J. S.-A. : Nous devons prendre en compte le ralentissement, mais je ne veux pas parler de crise. Les pays européens sont fortement endettés et doivent assainir leur budget en réduisant les dépenses. Ceci montre que l’économie européenne se développera plutôt lentement.

L’Asie me préoccupe davantage. La locomotive chinoise, très importante pour l’économie mondiale, lutte contre des problèmes de surchauffe. Une paralysie serait très grave.

J’espère surtout que le marché du travail ne va pas se détériorer excessivement. Pour maintenir la confiance, il est important que les pays gardent leurs frontières ouvertes. Les impulsions économiques ne doivent pas être étouffées dans l’œuf.

swissinfo.ch: On n’évoque pas, en Suisse, de possibles contrôles sur le trafic des capitaux. Quelle est la situation en Suisse avec l’octroi de marchés publics?

J. S.-A. : Le principe de base est que les marchés doivent rester ouverts. Mais j’ai de la compréhension pour la volonté des entreprises suisses d’occuper elles-mêmes les mandats donnés dans notre pays. Outre le prix, d’autres aspects entrent en ligne de compte, comme le conseil, les instruments de financement, le service au client, en clair: la globalité de l’offre. Ces critères devraient permettre aux entreprises suisses de qualité de s’assurer les mandats publics.

Le Brésil est l’un des rares pays avec lequel la Suisse n’a ni accord de double-imposition ni accord de protection des investissements.

Les échanges commerciaux ont augmenté ces dernières années entre les deux pays. Même sans instrument de protection des investissements, la Suisse fait partie des 13 plus grands pays investissant au Brésil. Près de 300 entreprises suisses y ont des filiales.
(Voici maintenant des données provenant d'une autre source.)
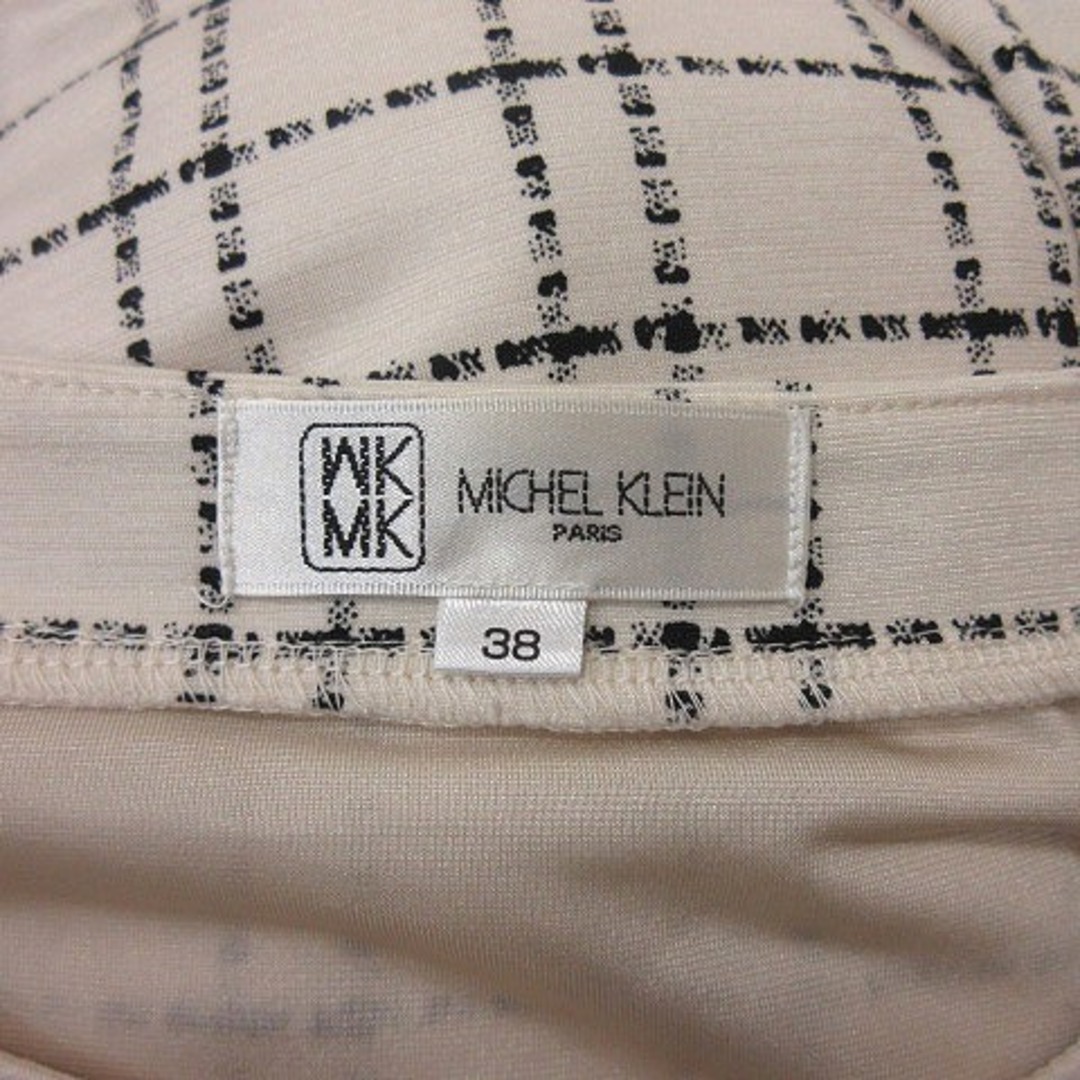 MICHEL KLEIN(ミッシェルクラン)のミッシェルクラン ワンピース ひざ丈 七分袖 チェック 38 白 黒  レディースのワンピース(ひざ丈ワンピース)の商品写真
Avec ses 190 millions d’habitants, le Brésil est également un partenaire économique important pour l’industrie d’exportation suisse. Ces prochaines années, l’économie brésilienne devrait croître de 4%, selon les prévisions.

40% des exportations suisses vers l’Amérique du Sud sont destinées au Brésil.

Comme la Suisse, le Brésil doit aussi lutter, actuellement, contre les conséquences de la force de sa monnaie. Depuis 2003, la valeur du real par rapport au dollar a presque doublé. La croissance économique et des taux d’intérêts élevés attirent les capitaux étrangers.

Le ministre de l’économie Johann Schneider-Ammann a signé un accord sur l’échange de stagiaires entre la Suisse et le Brésil. De jeunes Suisses ont auront ainsi un accès simplifié pour trouver des possibilités de stage dans les entreprises brésiliennes, et vice-versa (octroi de permis de travail en Suisse).

Les personnes intéressées devront avoir moins de 35 ans et avoir terminé une formation professionnelle. Le titre de séjour sera accordé pour une année au maximum.

La Suisse a déjà conclu de tels accords avec plus de 30 pays. Ces échanges visent à améliorer les compétences professionnelles et linguistiques.

Selon les sondages, le parti de Johann Schneider-Ammann, le Parti libéral-radical, (PLR / centre droit) doit craindre des pertes conséquentes lors des élections fédérales du week-end prochain.

De plus, étant donné la réélection du gouvernement en décembre, un des deux sièges PLR au gouvernement pourrait être en danger.

Le ministre de l’économie ne souhaite cependant pas s’exprimer sur son propre cas. Pour lui, ce qui importe, c’est l’avenir du pays.